Problem details: Take the line that contains "Pink Crackle Cabinet Knob" and every line below it to the end of the entries, and give them again exactly, leaving out any pictures.

Stored dataset items:
===

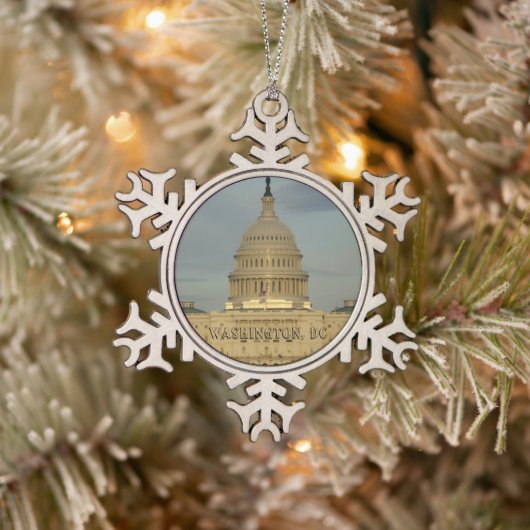 Washington, DC Capitool Tin Sneeuwvlok Ornament (Boom)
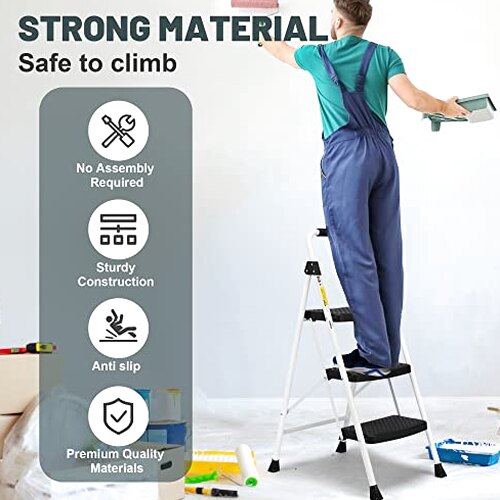 SocTone 3 Step Ladder, Folding Step Stool for Adults with Handle, Lightweight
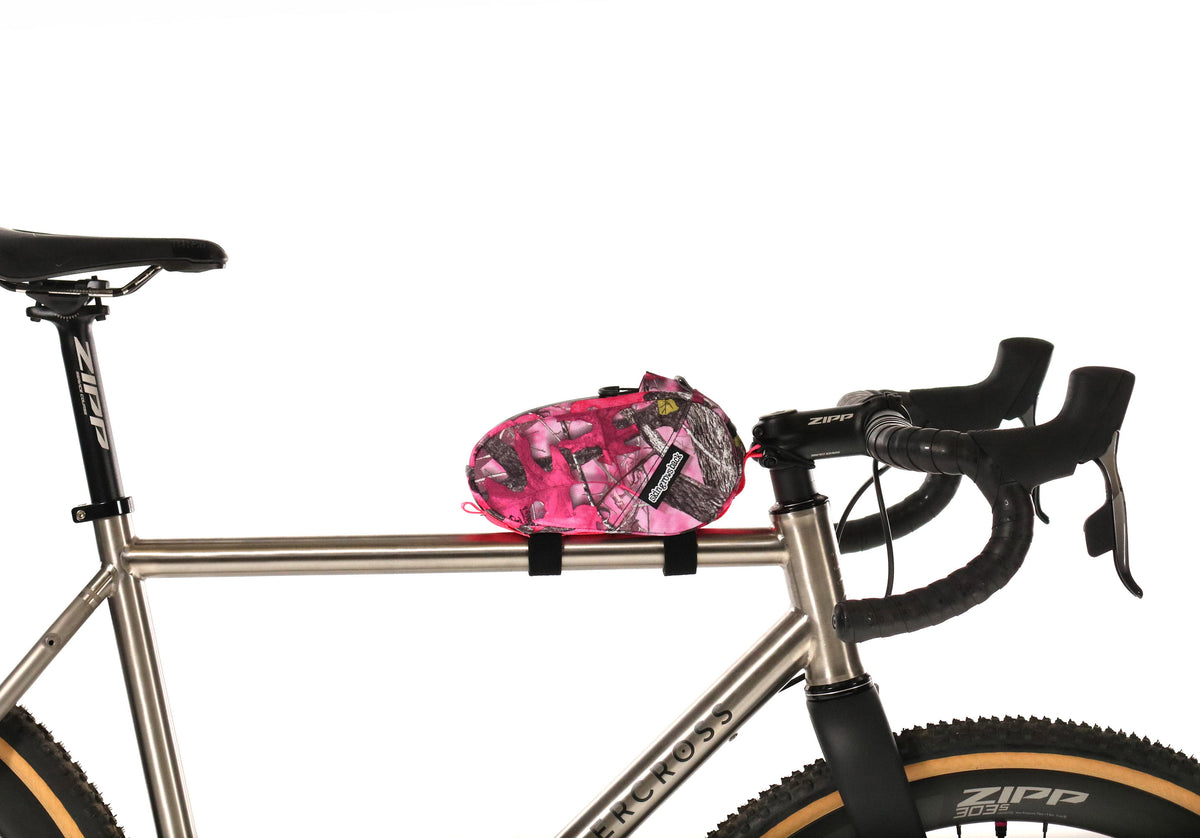 skingrowsback amigo top tube bag gravel bike sassy b pink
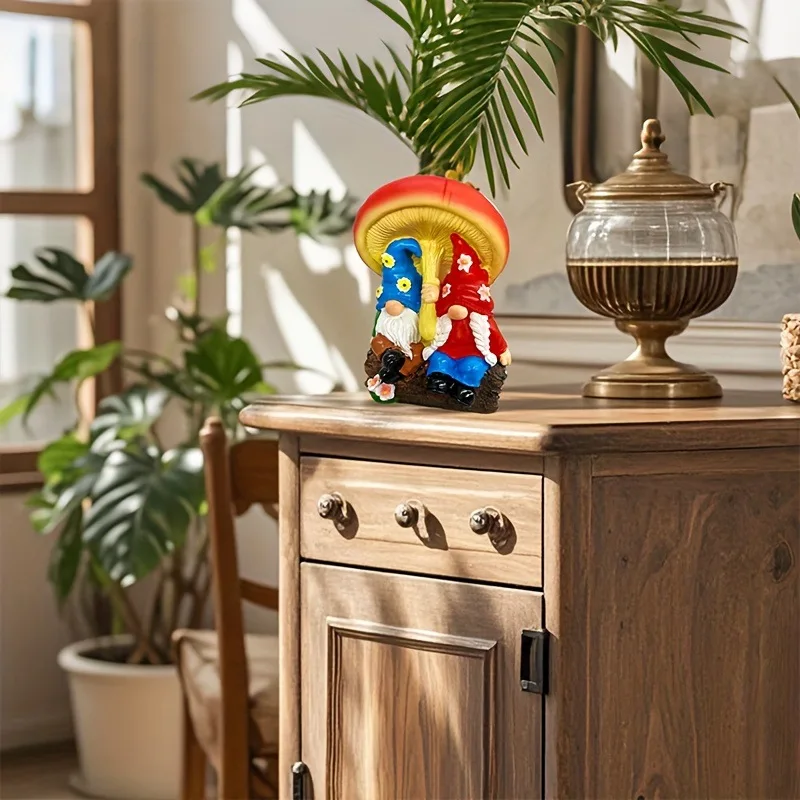 Dwarf Statue Ornaments Mushroom Couple Dwarf Garden Courtyard Decorations Resin Ornaments Garden Yard Terrace Decor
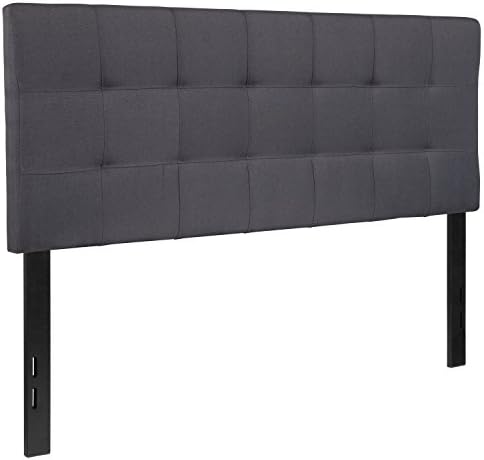 Flash Furniture Bedford Tufted Upholstered Full Size Headboard in Dark Gray Fabric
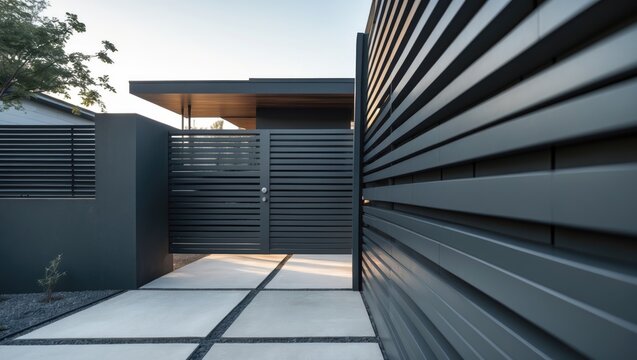 Secure aluminium wall door for modern home and garden access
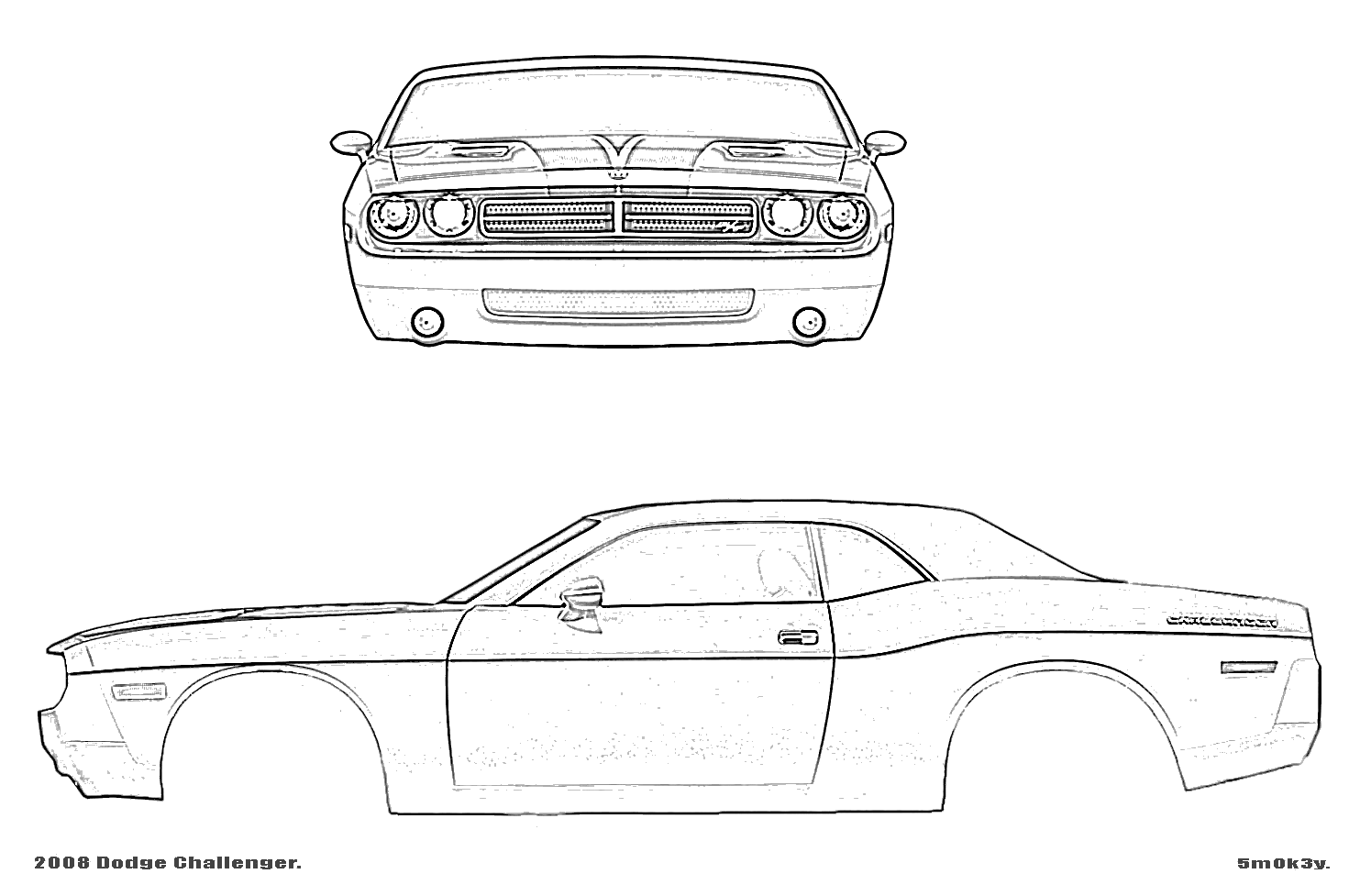 Как нарисовать dodge challenger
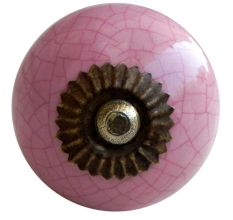 Pink Crackle Cabinet Knob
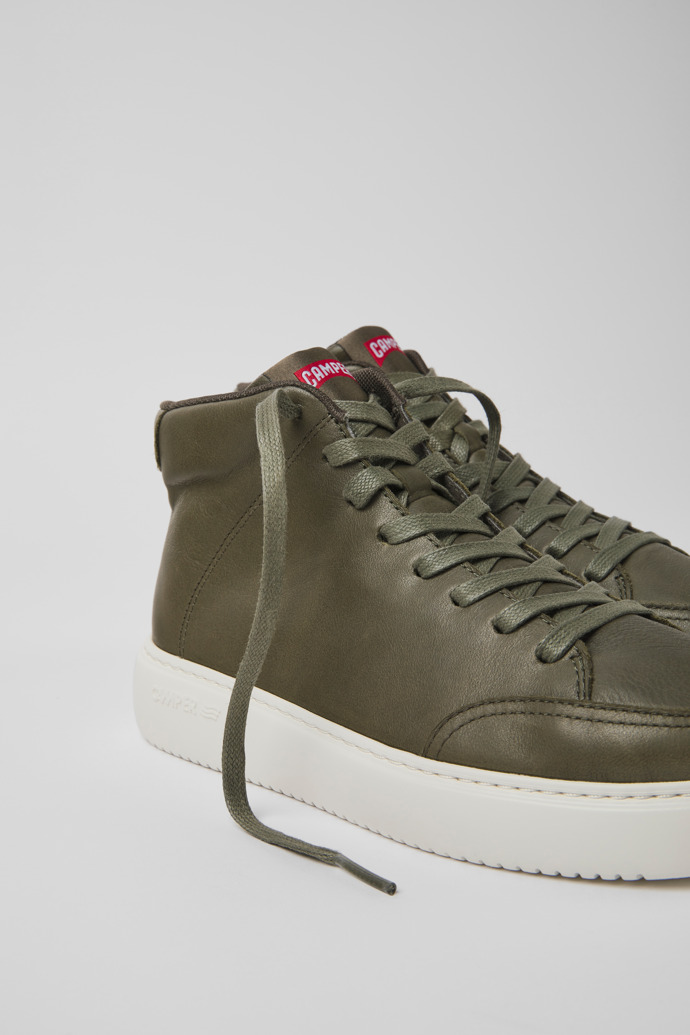Close-up view of Runner K21 Green leather sneakers for women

===

Response below:
 Pink Crackle Cabinet Knob
Close-up view of Runner K21 Green leather sneakers for women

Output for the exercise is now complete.